Segment Start: Records
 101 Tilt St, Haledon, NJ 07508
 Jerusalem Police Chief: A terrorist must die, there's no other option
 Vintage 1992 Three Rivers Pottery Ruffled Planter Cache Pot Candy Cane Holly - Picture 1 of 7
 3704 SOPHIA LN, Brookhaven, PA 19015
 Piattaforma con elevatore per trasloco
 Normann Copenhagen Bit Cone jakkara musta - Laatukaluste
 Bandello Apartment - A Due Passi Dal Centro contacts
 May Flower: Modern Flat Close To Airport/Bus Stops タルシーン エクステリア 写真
Segment End: Records
== Task goal ==
Restate, word for word and without additions, every line from the top of the listing above through the line that contains "Piattaforma con elevatore per trasloco".

== Answer box ==
 101 Tilt St, Haledon, NJ 07508
 Jerusalem Police Chief: A terrorist must die, there's no other option
 Vintage 1992 Three Rivers Pottery Ruffled Planter Cache Pot Candy Cane Holly - Picture 1 of 7
 3704 SOPHIA LN, Brookhaven, PA 19015
 Piattaforma con elevatore per trasloco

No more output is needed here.